Monday, Oct. 15, 1923

Navy Wins

Lieutenant A. J. ("Al") Williams, formerly pitcher for the New York Giants, won the Pulitzer Race (at St. Louis) in a Curtiss-Navy racer at an average speed of 243.67 miles per hour over the triangular course of 200 miles. Lt. H. J. Brow in a similar machine averaged 241.78 and Lt. L. H. Sanderson of the Marine Corps flying a Navy-Wright plane of 750 horsepower was third with a speed of 230 miles per hour. Of the seven picked entries, the three Navy pilots won the first three places. Not a casualty or even a broken wire marked these wonderful flights, which 100,000 people had paid to see.

The spectators got their money's worth. When a bomb started the race, the pilots swooped into the air like bullets. The machines seemed to flash across the course. On the last heat, in going round the pylons the pilots banked so sharply that they seemed to rest in the air on their wing tips.

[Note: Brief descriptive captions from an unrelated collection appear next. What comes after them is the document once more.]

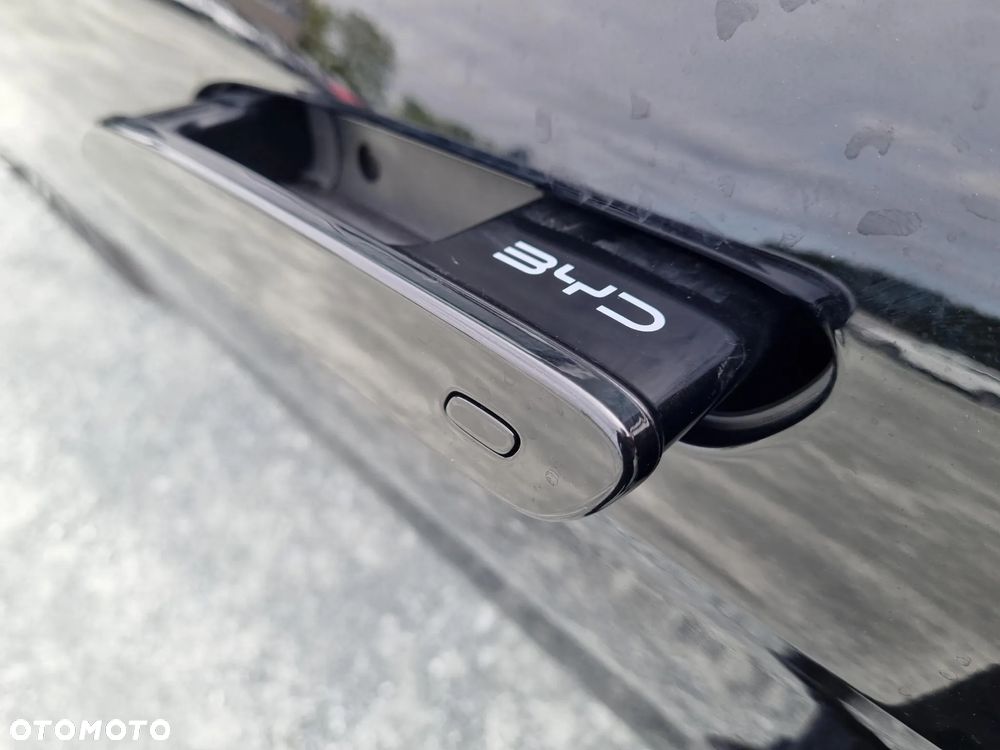 BYD Sealion 7 91.3kWh Excellence AWD - 36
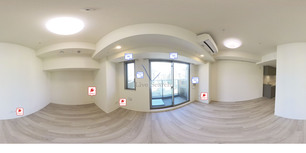 Brillia ist浅草 1201 【東京都浅草駅】 の外観写真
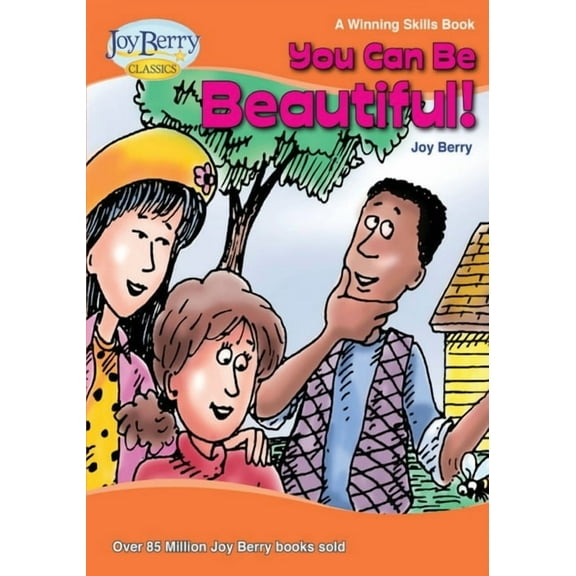 You Can Be Beautiful!, (Paperback)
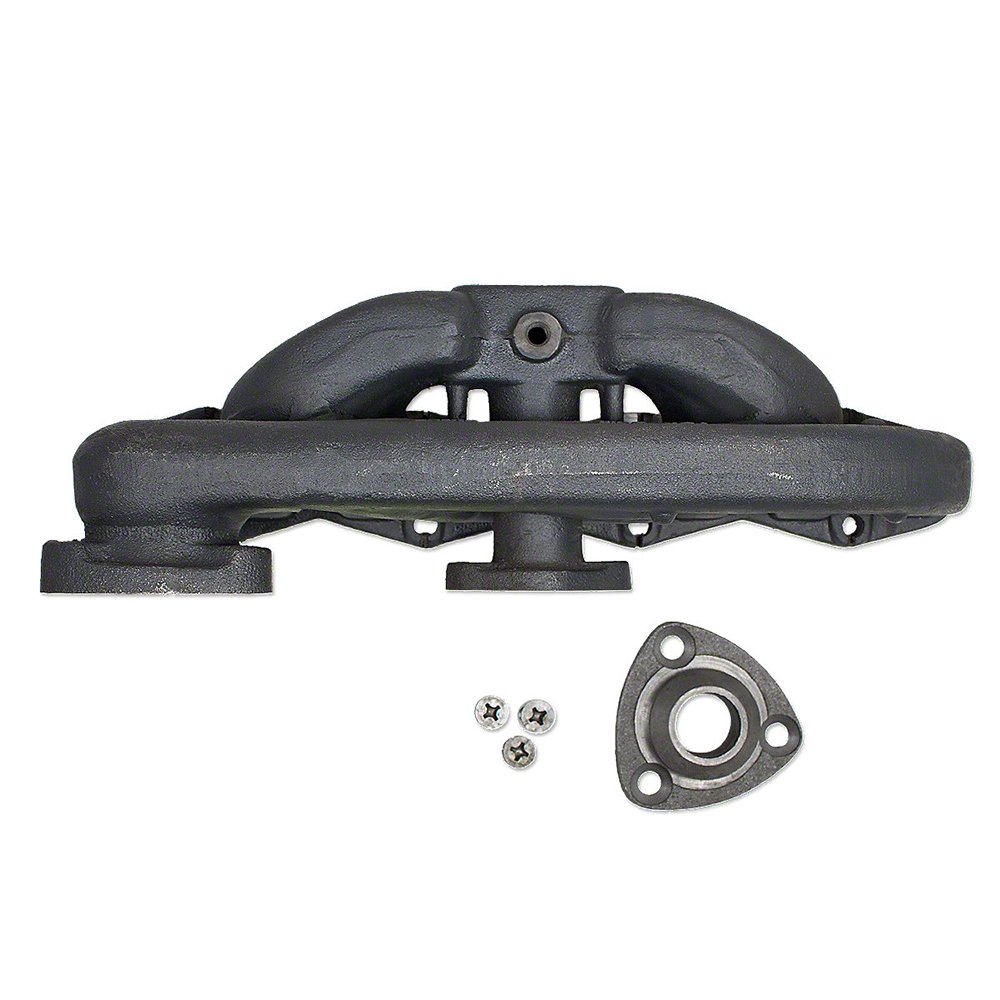 Massey Ferguson Manifold Part No: A-1046679M1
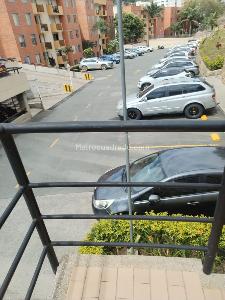 Apartamento de 2 alcobas en venta en Aguacatal, Cali, 58 m² · foto 3 de 20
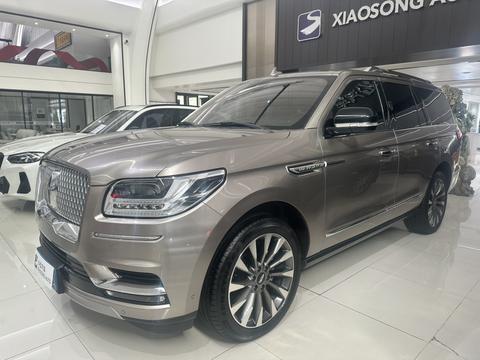 Lincoln Navigator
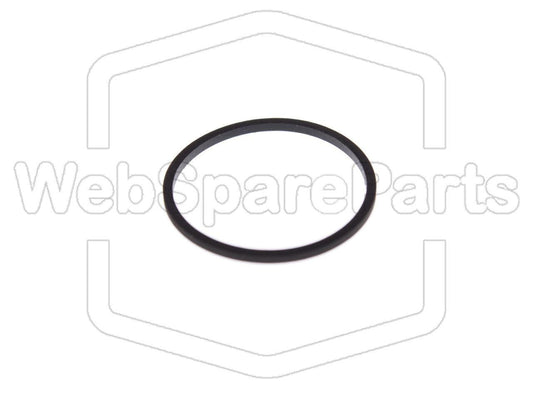 Correiao TABLE DISC Para Leitor de CD Sony HTC-D159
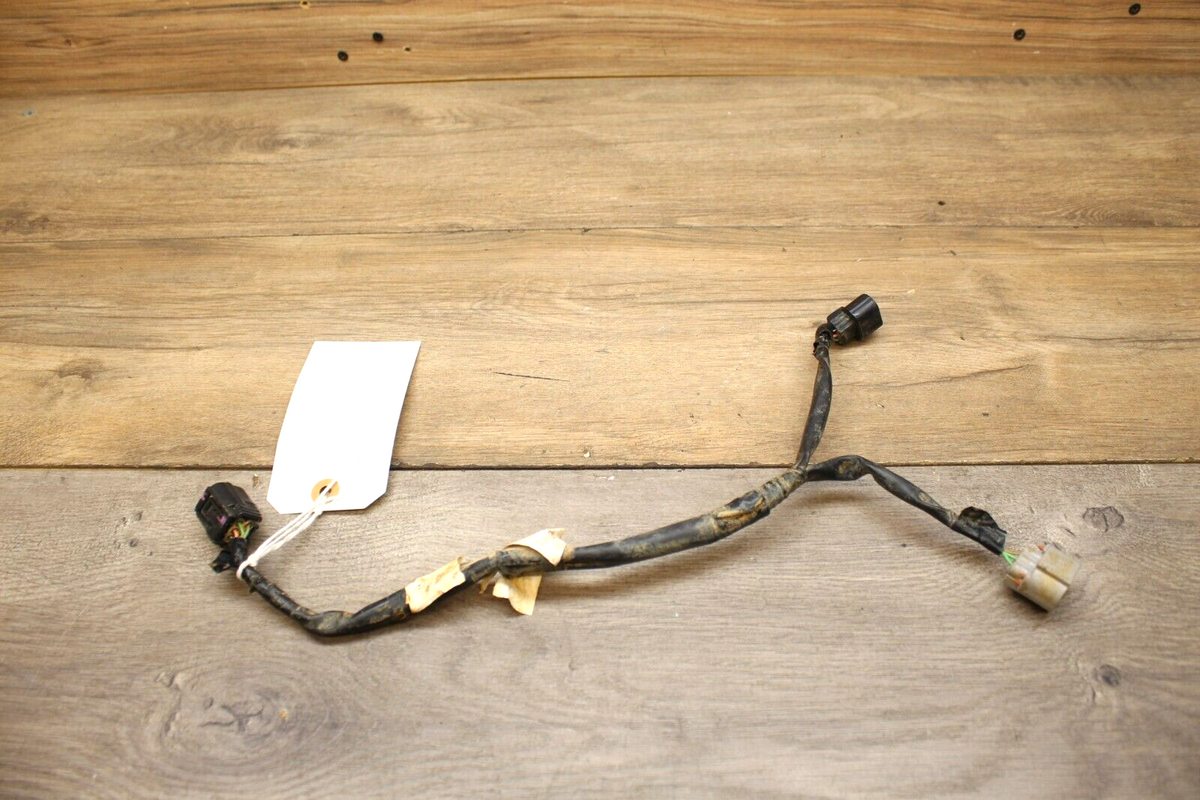 2008 Honda RANCHER TRX 420 2x4 REAR SUB HARNESS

When " Al" Williams went round the course he felt sleepy. On turning pylons, his brain refused to function for several seconds owing to the terrific pressure of centrifugal force. On the last leg he forgot he had finished and went around once again. When he got out of his cockpit, his legs had gone to sleep. But he forgot sleep, fatigue, grease, wind and dirt, when his chief Admiral Moffett slammed his own hat on the pilot's head and asked some one to "give the boy a drink."